Collected material:
========================================================================

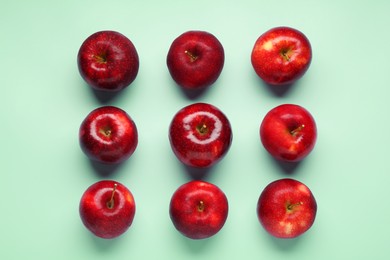 Photo of Fresh ripe red apples on light blue background, flat lay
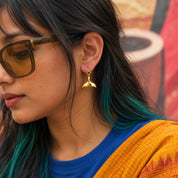 Gold finish whale tail charm worn as an earring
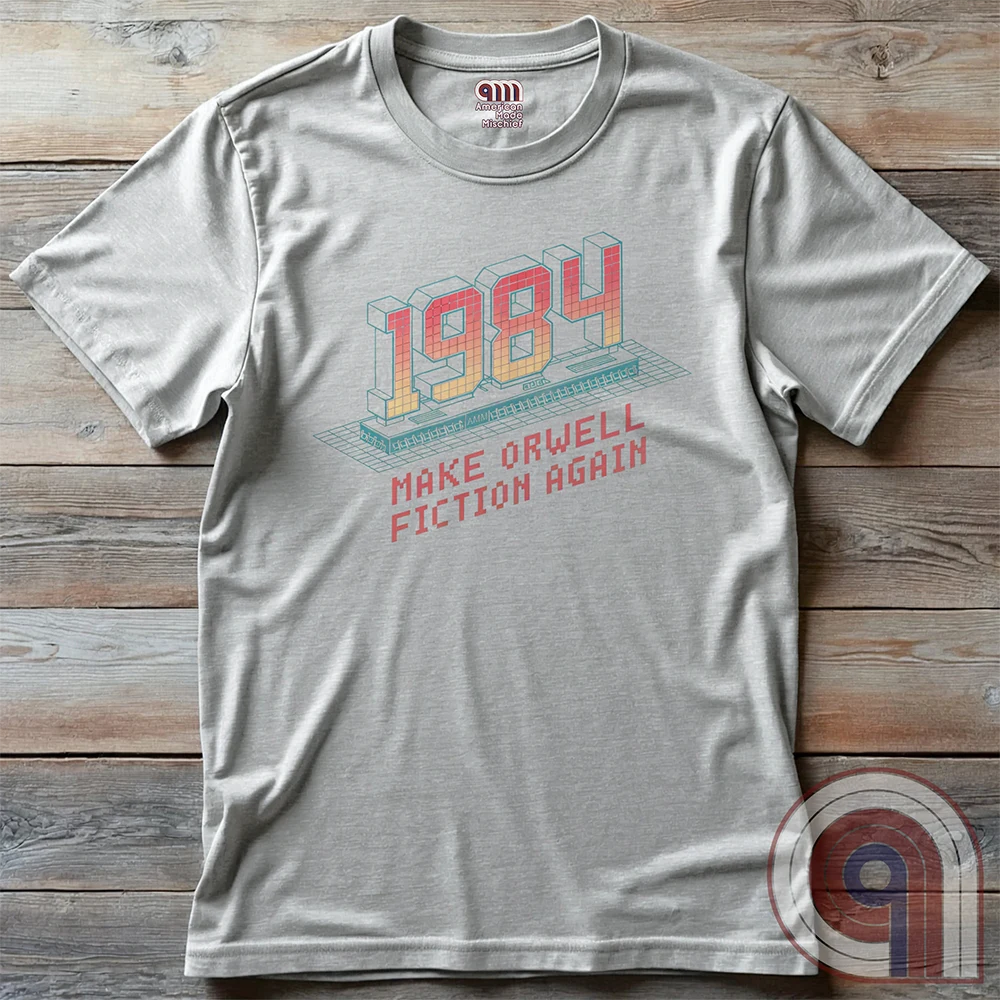 Light ash grey T-shirt laid flat on wooden boards. Its retro-computer graphic pairs pink-to-yellow 3D “1984” numbers with a turquoise keyboard and the pixelated line “MAKE ORWELL FICTION AGAIN”.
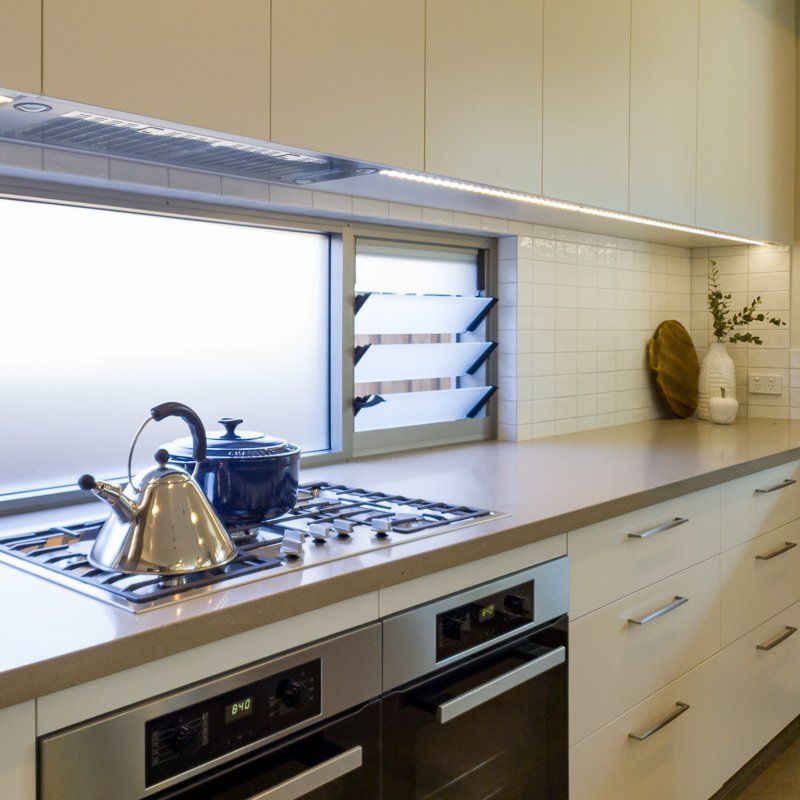 Modern kitchen with stovetop, ovens, and cabinets; window above with a kettle and pot.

========================================================================

Description of the task:
Write the listing above out again word for word, excluding all images.

Response area:
 Photo of Fresh ripe red apples on light blue background, flat lay
 Gold finish whale tail charm worn as an earring
 Light ash grey T-shirt laid flat on wooden boards. Its retro-computer graphic pairs pink-to-yellow 3D “1984” numbers with a turquoise keyboard and the pixelated line “MAKE ORWELL FICTION AGAIN”.
 Modern kitchen with stovetop, ovens, and cabinets; window above with a kettle and pot.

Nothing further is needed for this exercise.